As his years as a justice on the court proceeded, Greenhouse writes that he ended up as the “quintessential Enlightenment man in an increasingly unenlightened era at the court.” Moreover, he found himself recently being urged by the left, at the age of 83, to retire lest the Senate fall into the hands of Republicans this fall and torpedo the chance that he would be replaced by a liberal or even a moderate on a court that has become increasingly conservative.

And this is part of exactly what was wrong with the Court and, dare we say it, part of how the country became the mess it is today, with a populist coup attempt just one year under our belt, and our commitment to democracy really shaky.

The Constitution is a law.  

It's not an engine of anything.  It was written in a certain place and time, by men who were elected to those positions at that date and time.

Understanding the Constitution as an engine, that is a driver, of progress assumes that an unelected panel of nine have a common definition of "progress", something that history suggests is problematic.  In the 1920s and 30s, for example, the most "progressive" Americans were far, far to the left of the nation as a whole, and even further to the left of the left today.  Is that progress?  Quite a few would regard "progress", both in political terms and in terms of what the court has imposed on the nation, undemocratically, since 1973, as not progressive at all, but rather as sort of a retrograde return to a sort of barbarism of earlier times.  Others would disagree, but the co-opting of the court of those issues has operated to keep them from being determined democratically or even to make a large section of the country feel completely disenfranchised.

That latter feeling is what gives rise, in part, to a "take my country back" or "keep our country" sort of feeling in part of the American electorate.  Losing at the polls is losing, but losing to a court, in a remote setting, on issues that no clear grounding in the Constitution is quite another thing.

And that's what has ultimately defined the much of the modern trend of the court.  Judicial conservatism, as understood by the press, isn't conservatism at all, but rather textual originalism.  If it isn't in there, it isn't

To go further, however, Breyer's career also demonstrates what's wrong with the Court.  Breyer didn't have to go into court in front of a judge on cases that had come in the door, from an insurance carrier, or on assignment from a boss.  He didn't have to puzzle out the meaning of a badly drafted statute and hunt down its legislative history.  He hardly had to work at being a lawyer at all.

And this is now common of the entire Court. Their tickets are punched by an elite Ivy League Law School that allows them to avoid practicing law and go on to making decisions for an entire country based on that early history.

The founders would not have had that in mind.

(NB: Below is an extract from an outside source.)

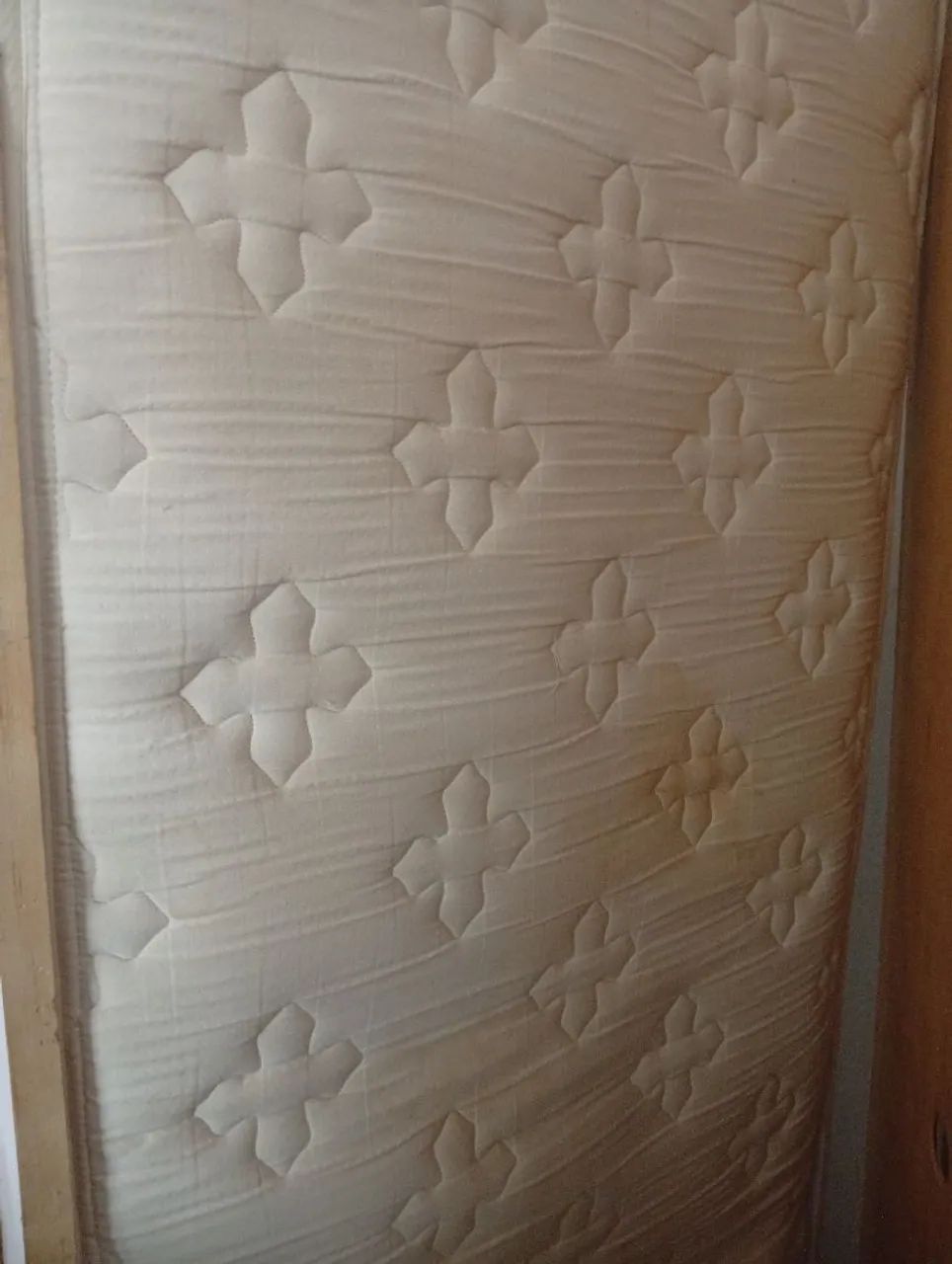 Cama com colchão 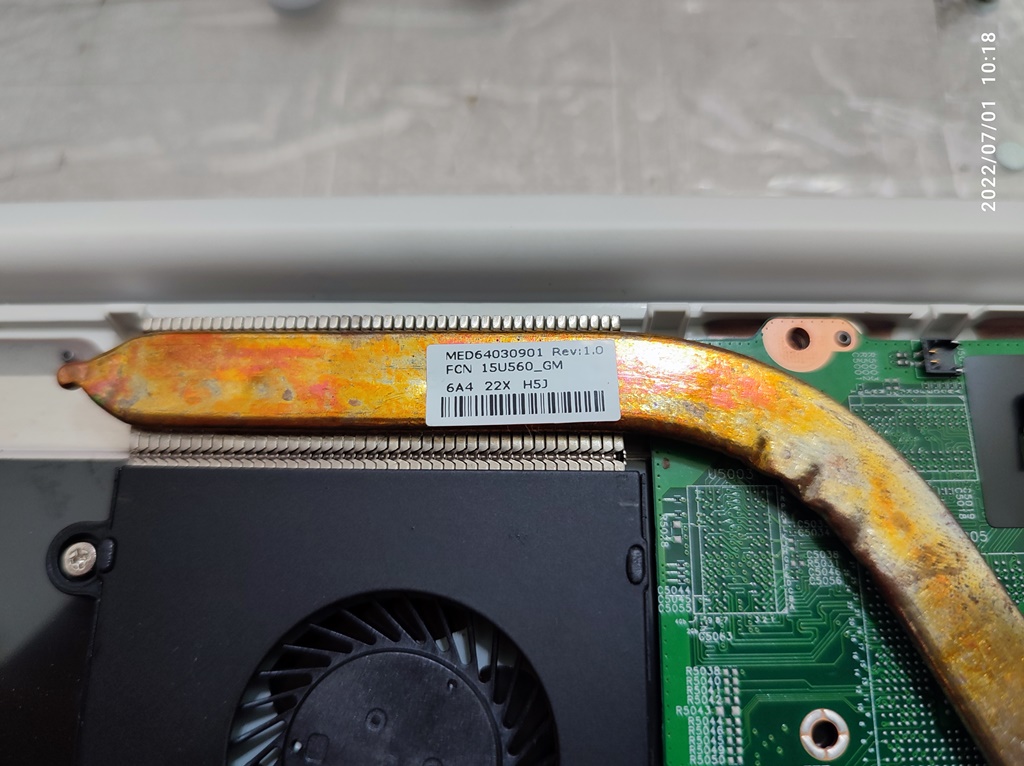 CPU 방열판을 재조립했습니다.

President Biden has already announced that Breyer's replacement will be a black woman.  There's a certain presumption, perhaps correct, that picking people by certain predetermined characteristics will achieve a certain result, although with the Supreme Court, that's tricky.  The most conservative justice on the Court, after all, is a black man.  There will no doubt be many black women lawyers who are qualified for the job.  We might hope, although it's hoping against hope, that whoever is chosen will not be a Harvard law graduate, nor even an Ivy League graduate.  We might also hope that the person isn't a sitting jurist, and isn't a college professor.

No, rather, a black woman lawyer who is actually practicing law.

That person will know what the law is about, how it is applied, and what real law is like.

It's not too much to hope for, but it won't happen.